Aretha could express jubilation, as heard in her gospel doc Amazing
Grace. She could summon the deepest heartbreak, in ballads like “Ain’t No
Way.” Her artistry is the greatest achievement of American music, if not
American history. But her voice is the crossroads where all different
musical traditions meet, from gospel to funk to rock to the blues. As she
said, “I guess you could say I do a lot of traveling with my voice.”

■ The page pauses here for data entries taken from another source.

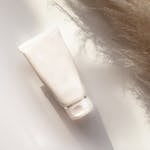 Elegant white cosmetic tube with shadows on a neutral background, suitable for beauty product presentations.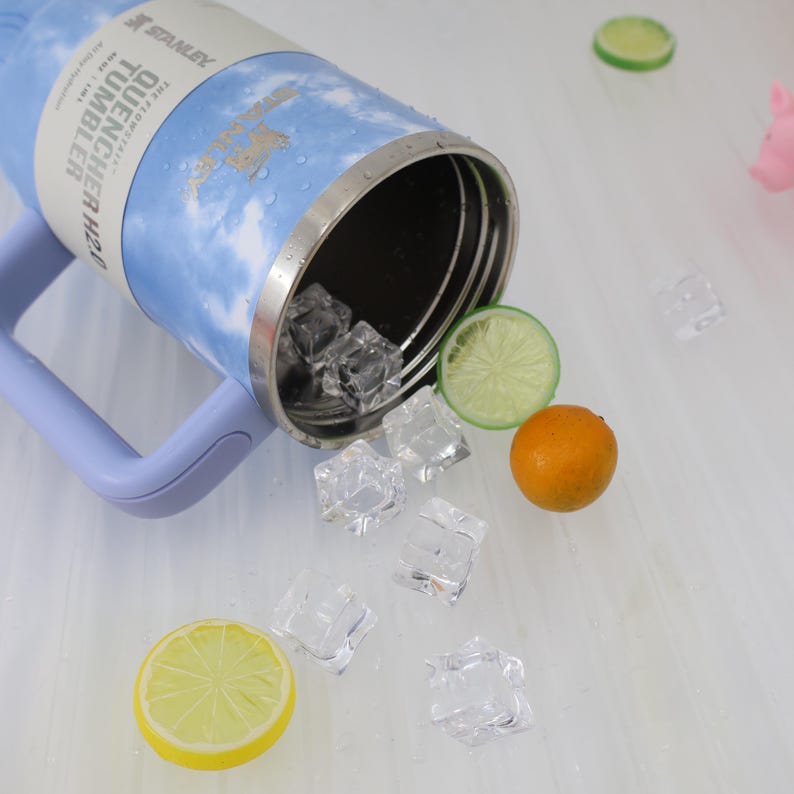 K&ouml;nnte beinhalten: Ein blau-wei&szlig;er Stanley Quencher H2.0 Becher mit lavendelfarbenem Griff, der auf der Seite liegt. Der Becher ist von Eisw&uuml;rfeln, einer Zitronenscheibe, einer Limettenscheibe und einer kleinen Orange umgeben. Der Becher tr&auml;gt den Text "QUENCHER TUMBLER H2.0".
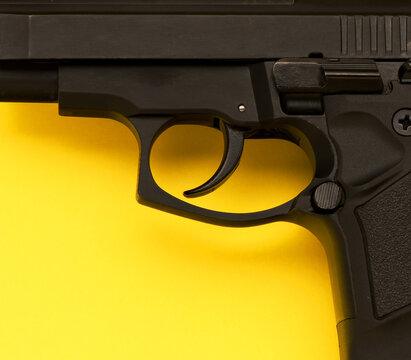 Metal trigger pistol on yellow background, top view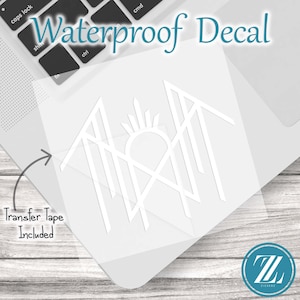 May include: A white waterproof decal featuring a geometric line art design of a sun rising over mountain peaks. The decal includes transfer tape and is displayed on a laptop surface. The text Waterproof Decal and Transfer Tape Included is visible.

She grew up as Detroit gospel royalty, getting her lessons in the church
from Mahalia Jackson. At first, her label tried to mold her into a slick
lounge singer, but she quit the crossover game, after meeting another
young outsider on the label whose voice didn’t fit the pop mold: Bob
Dylan. As she told writer Gerri Hirshey, “Neither of us was what you call —
ah — mainstream.”
Aretha went to Muscle Shoals and became Lady Soul, creating her own
raw, intense R&B sound. She forced the mainstream to cross over to her,
changing the way music sounded ever since, all over the world. Her
genius has taken so many forms: 1970s gospel, 1980s glam-disco, her
collabos with disciples like Whitney Houston and Lauryn Hill. Or the night
she stole the Grammys, singing “Nessun Dorma” without a rehearsal.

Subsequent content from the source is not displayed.